In Texas, which burns more coal than any other state, wind generation has grown almost 10-fold since 2005.
That’s come as coal use there slid in April to the lowest in 14 years. Nebraska, Iowa, Kansas, Minnesota, Missouri and the Dakotas have all seen a similar or starker re-balancing in a region known for its broad, flat terrain. The changes are part of a larger-scale war being waged worldwide between coal, natural gas and renewables including wind.
“It’s a three-way cage fight,” said Michael Webber, deputy director of the Energy Institute at the University of Texas at Austin.
In 2005, the US had about 9,000 megawatts of wind capacity. That’s grown to 69,471 megawatts, and more than 13,250 are under construction, according to data from the American Wind Energy Association.
The rapid emergence of wind is hurting coal in two ways. On breezy days, the fossil fuel must compete head-to-head against turbines powered by free wind. When the wind fluctuates, natural gas-fired plants that can start up quicker than coal-burning units are often called in to make up for the lost power.
Of course, wind is intermittent. Sometimes it blows and sometimes it doesn’t. If all the country’s turbines were to turn at normal rates, wind power could displace 96.5 million tons of coal, or one-eighth of this year’s projected consumption, according to an analysis by Grand Junction, Colorado-based Doyle Trading Consultants.
Turbines are ideal for the Great Plains because wind whips over the Rocky Mountains and along the elevated, flat terrain. It’s akin to the wind caught between skyscrapers in metropolitan areas, said Wade Schauer, principal analyst for North America power research at Wood Mackenzie, an Edinburgh, U.K.-based energy consultancy.
Coal producers, meanwhile, are struggling in the sector’s worst downturn in decades, undermined by emissions standards toughened by global warming concerns, cheap natural gas that recently traded below$2 per million British thermal units for the first time since 2012, and the emergence of renewables, including solar and wind power. Walter Energy Inc. and Alpha Natural Resources Inc., both producers of thermal coal, slid into bankruptcy protection this year.

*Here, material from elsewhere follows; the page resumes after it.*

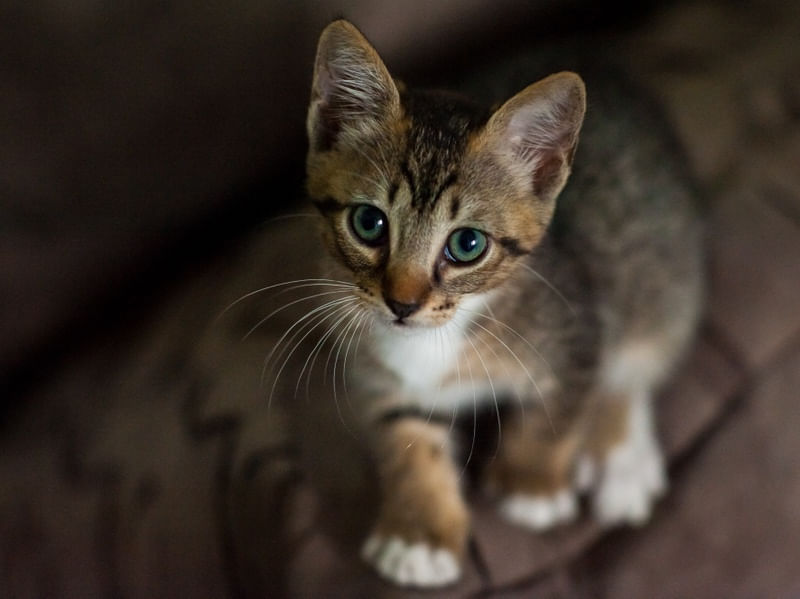 GATO DE ONTEM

In a windy region that includes Iowa, Kansas, Minnesota, Missouri, Nebraska and the Dakotas, coal fell 13 percent in the four years through 2014, Energy Information Administration data shows. And no state illustrates wind’s impact on fossil fuels more than Texas, which sits at the southernmost tip of the plains.
In the third quarter, Texas installed the most wind power in America with 771 megawatts, according to the American Wind Energy Association, a Washington-based industry group. Its use on the statewide grid run by the Electric Reliability Council of Texas, or Ercot, has jumped to more than 16 gigawatts this year.
The Ercot market dispatches power based on which plants offer the lowest prices. On windy days, power falls to a level that discourages less efficient units from running, according to Warren Lasher, Ercot’s director of system planning. Gas plants are better able to ramp up production, making them easier to operate in tandem with wind farms, he said.
There was a time when coal-fired power generators just hoped for hot or cold weather that would stoke electricity demand, said Emily Medine, a principal at Energy Ventures Analysis, a consultancy in Arlington, Virginia. Now, they “hope the wind doesn’t blow.”